- #1
josh1
The question isn't whether a theory is testable now, it's whether it's testable in principle. For example, there's nothing in our current understanding of string theory that precludes it from being falsifiable. The main problem for string theory is the same problem that continues to torture the entire field, namely, that we simply don't understand the gravitational physics of the vacuum.
For string theory this means that we don't yet understand how to break supersymmetry in a way that reveals the kind of low energy phenomenology it can describe. Similarly, for the theories that go under the rubric of "quantum geometry", it's preventing the discovery of what kind of low energy gravitational behaviour it has so that we have nothing to compare it to either. Thus at present, neither theory produces numbers that we can check agains experiment.
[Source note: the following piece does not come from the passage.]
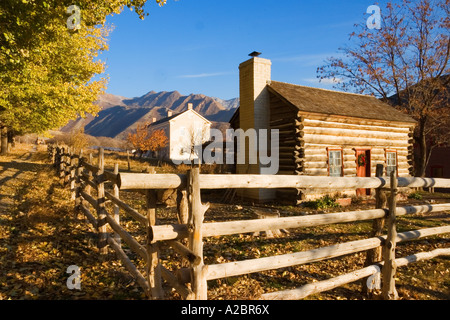 Vieux Mormon pioneer log cabin dans Old Deseret Village State Park à Salt Lake City Utah USA Banque D'Images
There's another source of confusion here. It has to do with statements like, here's an experiment we can perform to see if spacetime is discrete and hence if something like LQG is correct. The confusion is that a theory doesn't have to describe spacetime in the explicitly discrete terms that LQG does to be consistent with an experimental signature indicating some kind of discretenes. Any theory with a fundamental length will also predict such a result, including string theory. Another example is the resolution of gravitational singularities of one kind or another. We already know that singularities must be resolved somehow and there are at this time a lot's of arguments about how this might be achieved being put forward based in string theory, LQG, and I'm sure other approaches.
Let me just make one final point. In the past string theory and LQG have been described as complementing each other in that LQG shows how a background independent quantum gravity theory can be constructed, and strings shows how the low energy limit might be obtained from a quantum gravity theory. But this is misleading in that we don't know for a certainty that nature has no trick when it comes to gravity that shows that background independence isn't needed. However there can be no doubt about the reality of the low energy world we live. The truth then is that LQG tries to solve a problem that may turn out to have no basis in nature, while string theory solves a problem that every quantum theory of gravity must, and that at this time only it does. In fact, it's when one comes to understand how string theory does this against the background of so many failed attempts, that the inevitability of string theory will begin to really impose itself on you.
For string theory this means that we don't yet understand how to break supersymmetry in a way that reveals the kind of low energy phenomenology it can describe. Similarly, for the theories that go under the rubric of "quantum geometry", it's preventing the discovery of what kind of low energy gravitational behaviour it has so that we have nothing to compare it to either. Thus at present, neither theory produces numbers that we can check agains experiment.
There's another source of confusion here. It has to do with statements like, here's an experiment we can perform to see if spacetime is discrete and hence if something like LQG is correct. The confusion is that a theory doesn't have to describe spacetime in the explicitly discrete terms that LQG does to be consistent with an experimental signature indicating some kind of discretenes. Any theory with a fundamental length will also predict such a result, including string theory. Another example is the resolution of gravitational singularities of one kind or another. We already know that singularities must be resolved somehow and there are at this time a lot's of arguments about how this might be achieved being put forward based in string theory, LQG, and I'm sure other approaches.
Let me just make one final point. In the past string theory and LQG have been described as complementing each other in that LQG shows how a background independent quantum gravity theory can be constructed, and strings shows how the low energy limit might be obtained from a quantum gravity theory. But this is misleading in that we don't know for a certainty that nature has no trick when it comes to gravity that shows that background independence isn't needed. However there can be no doubt about the reality of the low energy world we live. The truth then is that LQG tries to solve a problem that may turn out to have no basis in nature, while string theory solves a problem that every quantum theory of gravity must, and that at this time only it does. In fact, it's when one comes to understand how string theory does this against the background of so many failed attempts, that the inevitability of string theory will begin to really impose itself on you.